D'un but plein d'opportunisme (69e), le Brésilien a remis à l'endroit une équipe qui se dirigeait vers une énorme déconfiture si elle ne s'imposait pas.

La suite a été une succession d'événements en sa faveur, avec la réussite qui la caractérisait en août: expulsion de Fred (70e), sortie en grimaçant de Marcus Rashford (74e), et surtout le 3-1 par Neymar (90e+1).

Si ce n'est pas une finale qui est au bout, les Parisiens sauront se contenter du billet pour les 8es qu'un nul contre le Basaksehir Istanbul, mardi, suffira à empocher.

Un succès face aux Turcs, déjà éliminés, leur offrira même la première place.

"C'était très important de montrer qu'on est toujours là dans les grands matches. On a fait un grand match. Maintenant on veut continuer, parce qu'on n'est pas encore qualifiés", a réagi le président du club Nasser Al-Khelaïfi, au micro de RMC.

- le PSG a subi -

Malmené après deux défaites lors des trois premières journées, critiqué pour son niveau de jeu décevant ces dernières semaines, dominé par les Anglais à Old Trafford, le PSG a résisté à toutes les tempêtes pour continuer à rêver.

S'il flotte encore dans son costume de vice-champion d'Europe, il devrait encore l'étrenner ce printemps.

Là réside l'essentiel, au terme d'une soirée où il y a encore à redire, entre Kylian Mbappé, qui a enchaîné une 9e rencontre consécutive de C1 sans marquer, et la décision, inédite, de l'entraîneur Thomas Tuchel de laisser Angel di Maria sur le banc tout le monde.

Paris a encore été très nerveux, Neymar a aussi montré ses limites physiques en seconde période, et sans le secours de la barre transversale, sur un lob d'Edinson Cavani (57e), ou la réussite sur le but de "Marqui", le bilan aurait été tout autre.

Mais au "Théâtre des rêves", les Parisiens ont fait de la tragédie annoncée, la démonstration de leur grande force mentale.

Tuchel a récolté les fruits de la réunion de dimanche, où il était question de "recommencer la saison" avec une nouvelle mentalité, comme l'a indiqué l'Allemand. "L'équipe a montré qu'elle n'acceptait pas de perdre.
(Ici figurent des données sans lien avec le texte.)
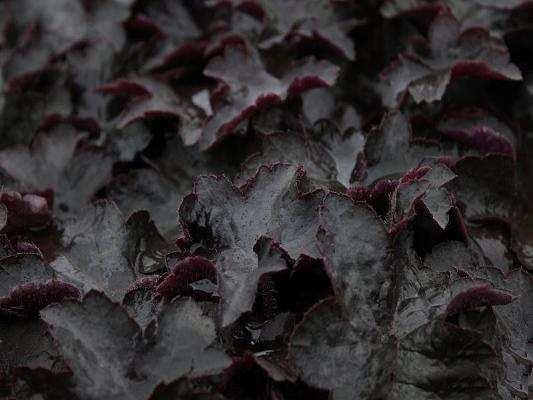 Purpurglöckchen Heuchera - micrantha 'Molly Bush'***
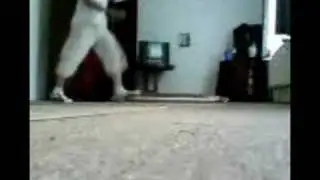 Hardjump by Anubis (die Erste)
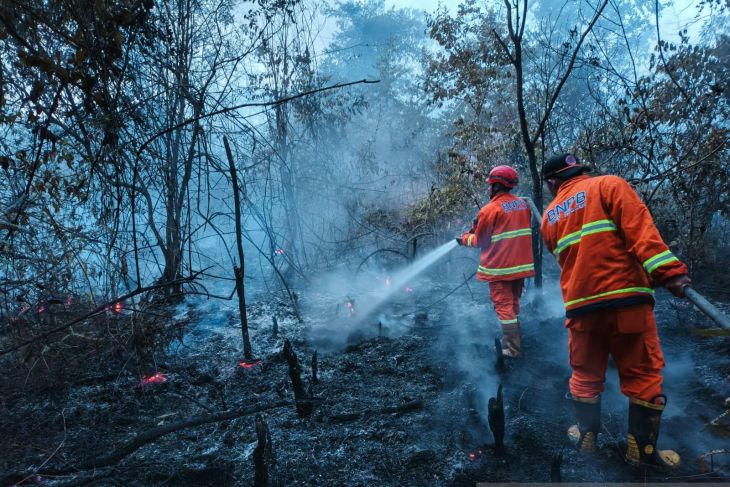 Kebakaran lahan dua hektare di Desa Pelayangan Kabupaten Batang Hari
C'était le plus important."

La soirée avait commencé parfaitement pour le finaliste sortant, qui a monté le curseur à la hauteur de son statut. Intensité, discipline, efficacité, possession... Les hommes de Tuchel ont mis tout ce qu'il leur a été reproché de manquer ces dernières semaines.

- Cavani trouve la barre -

L'ouverture du score rapide de Neymar a récompensé leurs bonnes intentions (6e). "Ney" a bien suivi une frappe déviée de Mbappé pour tromper David de Gea.

Mais un fait de jeu a suffi à faire dérailler le TGV bleu et rouge. Le coup de tête de Fred sur Leandro Paredes (21e), qui a valu au Brésilien un carton jaune après consultation de l'arbitrage vidéo, a sonné le PSG, qui réclamait l'expulsion.

Nerveux, privé du ballon, Paris s'est mis à reculer, au point que c'est son propre joueur, Danilo Pereira, qui a dévié dans le but le tir de Marcus Rashford (32e). Tout un symbole.

Manchester a repris le match en main, mais a tremblé à l'heure de porter le coup de grâce. Anthony Martial (49e) et Cavani, dont le lob a heurté la barre (57e), ont eu la balle de break contre un PSG fragile.

Le but de Marquinhos, qui a envoyé dans le filets de De Gea un ballon cafouillé dans la surface, a constitué un nouveau coup de théâtre, mais définitif celui-ci. Le 3-1 de Neymar, après un contre, offre un score presque flatteur à une équipe qui a subi mais qui continue de respirer.